Schools all over have closed for the summer, and this should mean fun, relaxation and having time to read. But for many young people summer heralds a whole new season of school work. Yes, there are the ubiquitous summer reading lists (more on them later), but now these poor kids have pages of math homework to do, daily. I can’t imagine a summer where I not only had math homework, but I had to email it to my teacher weekly. Several schools have set up weekly blogs for kids to use to respond to every chapter they read. If they don’t have that, many schools require a paper, albeit a short one, in response to every book read.
Oh, to make matters worse, let’s pick some of the most tedious books and force kids to read them.
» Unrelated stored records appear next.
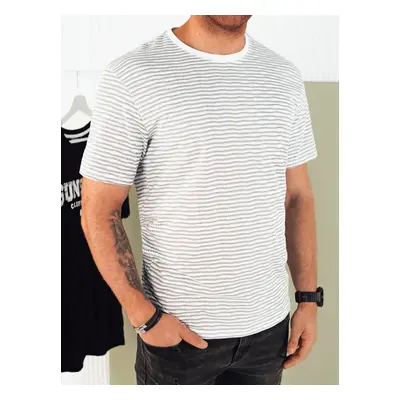 Men's T-shirt with white Dstreet print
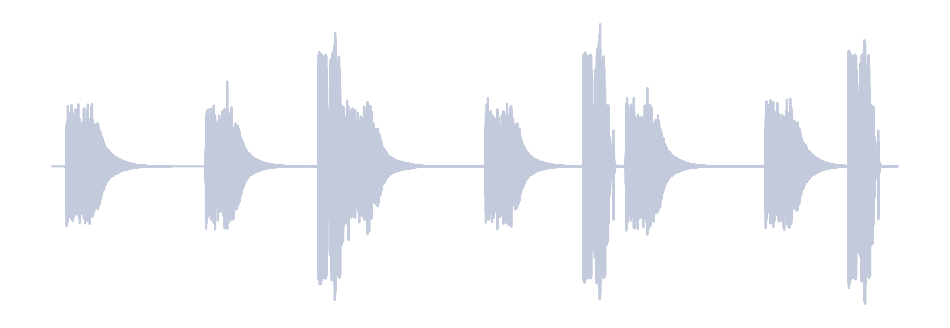 Gray Waveform
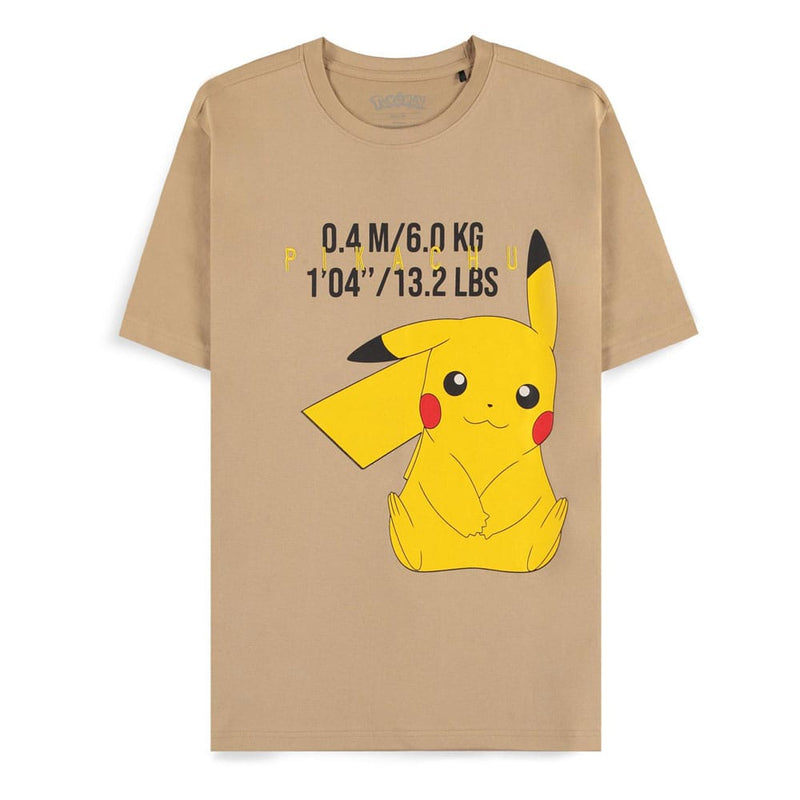 Pokemon Pikachu T-Shirt Beige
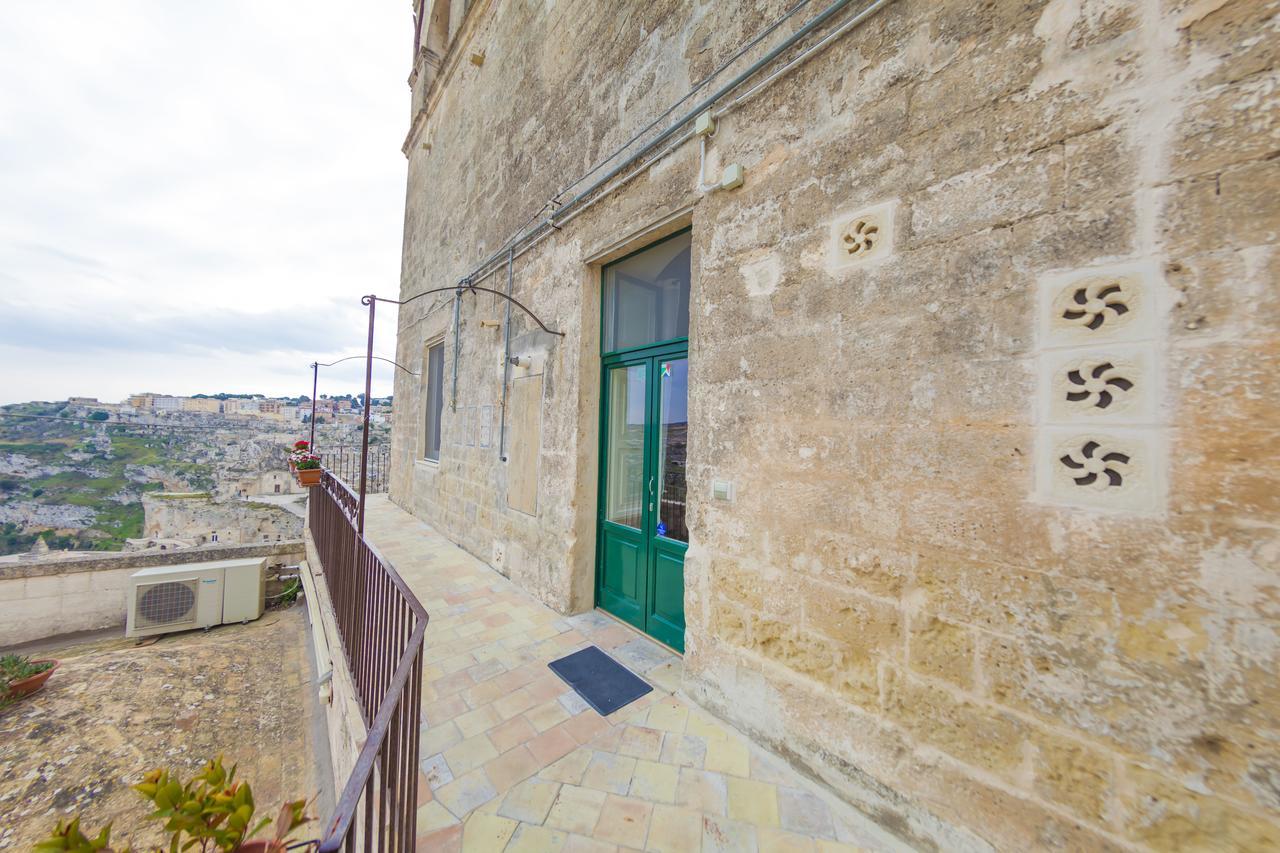 Dimora Santa Barbara Hotel Matera Exterior foto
I just reviewed the summer reading lists for three local schools and with rare exceptions the books are all written by white authors who were born in the early 20th century. While these books have solid value, I think asking kids to read these challenging (some would say boring, especially if you’re 14) books during the distracting days of summer is folly. Sometimes hard books need the help of a class and a skilled teacher to bring the reading to life. How many kids start Bleak House only to hate it and just give up? Animal Farm is wonderful, but if you’re reading it because it’s August 15th and it’s short, just how much of the political story are you really absorbing? And really, must every child read Lord of the Flies? Perhaps we could take that off the list and substitute The Hunger Games or The Uglies? I just want to put books on reading lists that children are actually excited to see on the list, not dreading.
Some of my happiest memories are reading massive Stephen King and Peter Straub books one summer, staying up way too late with my Mom and scaring ourselves silly. Then one summer I read all the James Herriott books, one right after the other, and it was wonderful. Then there was the Judy Blume summer, then the summer of Faulkner, which was a miserable failure, really, what I was thinking at 13? But the point is, even without assignments that were more than “read three books this summer,” I read tons, and I loved it. Free of schoolwork, I found that I loved reading for pleasure. There was a bookstore that I could bike to that also sold penny candy. I was in heaven.
Wouldn’t it be nice, just for the two to three short months of summer, to have kids read for pleasure and not give them homework for every chapter read? I don’t think forcing kids to read books written by dead white men (for the most part) is the best way to instill a love of reading. Reading should not be a chore, something to be checked off on a list; it should be something that brings pleasure, especially in the summer.